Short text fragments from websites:
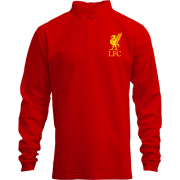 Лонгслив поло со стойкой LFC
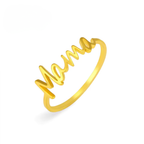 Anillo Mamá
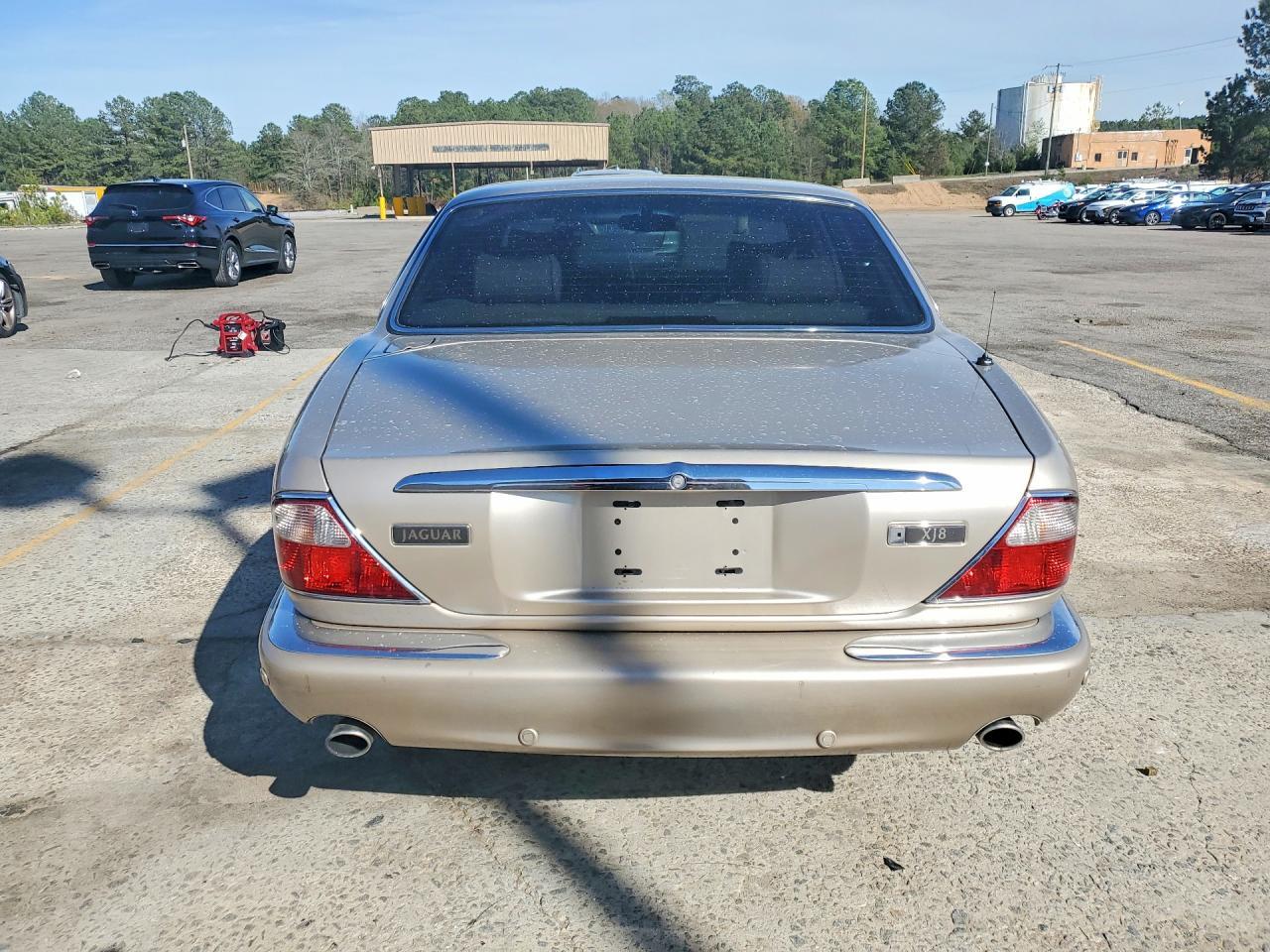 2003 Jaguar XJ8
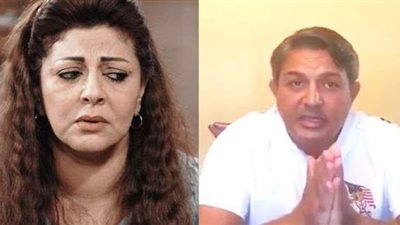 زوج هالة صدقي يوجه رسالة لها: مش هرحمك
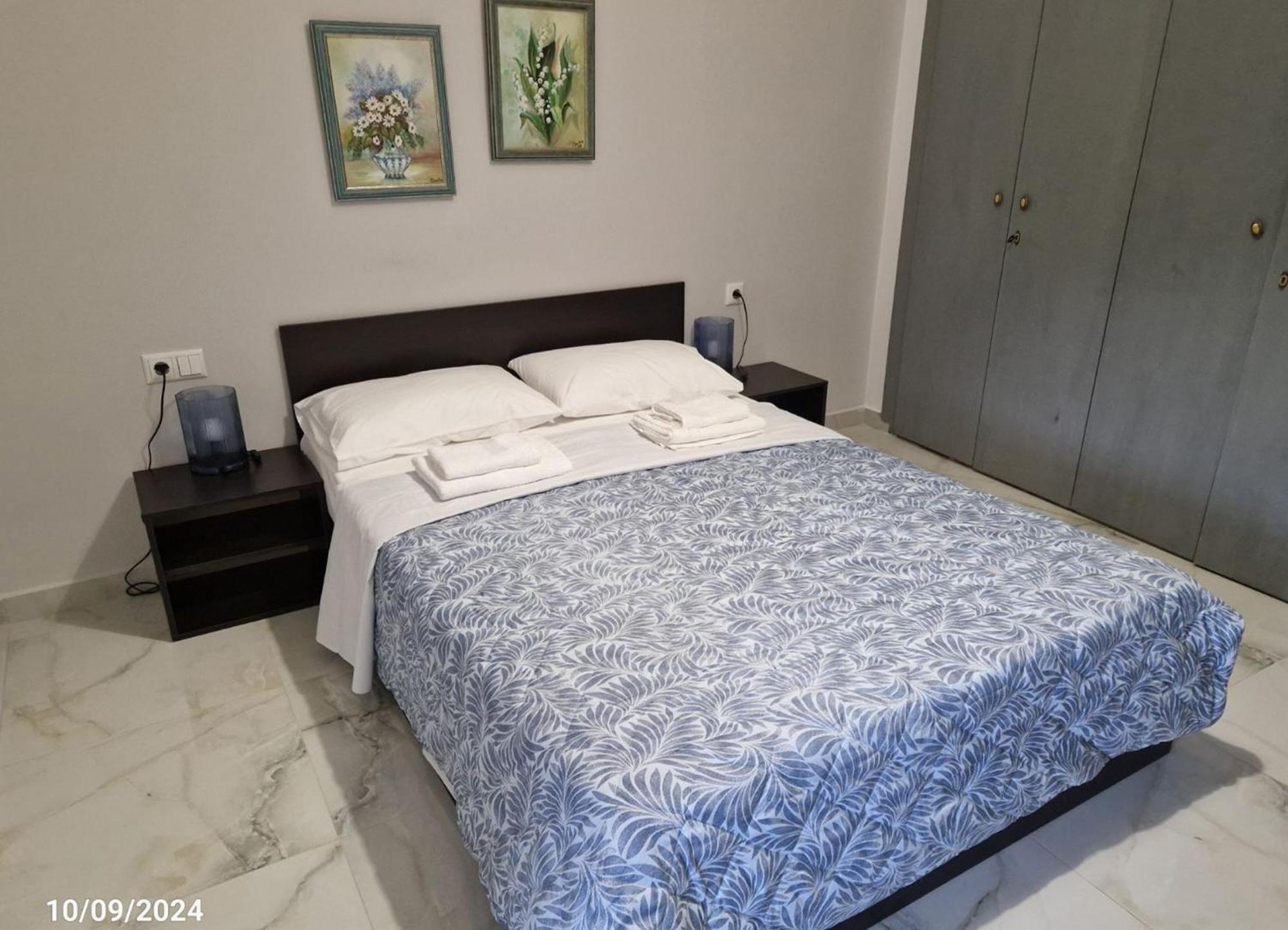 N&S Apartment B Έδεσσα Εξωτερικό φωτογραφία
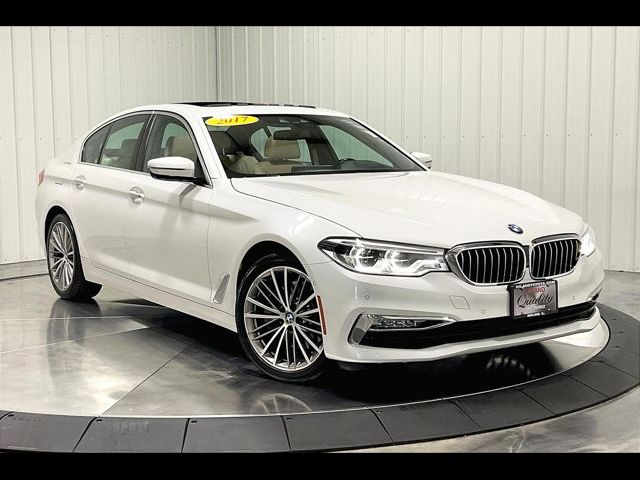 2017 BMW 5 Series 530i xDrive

---

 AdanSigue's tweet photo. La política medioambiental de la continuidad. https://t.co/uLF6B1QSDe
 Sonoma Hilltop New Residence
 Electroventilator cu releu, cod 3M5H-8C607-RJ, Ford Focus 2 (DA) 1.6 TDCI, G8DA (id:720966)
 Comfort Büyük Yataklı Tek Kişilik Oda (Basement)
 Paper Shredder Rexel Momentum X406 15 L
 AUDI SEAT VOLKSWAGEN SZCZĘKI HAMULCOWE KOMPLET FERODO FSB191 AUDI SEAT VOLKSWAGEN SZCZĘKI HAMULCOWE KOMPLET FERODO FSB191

What you will do -
Output exactly those lines of the data above that run from the line with "N&S Apartment B Έδεσσα Εξωτερικό φωτογραφία" up to and including the line with "2017 BMW 5 Series 530i xDrive". No pictures go in.

Problem solution -
 N&S Apartment B Έδεσσα Εξωτερικό φωτογραφία
 2017 BMW 5 Series 530i xDrive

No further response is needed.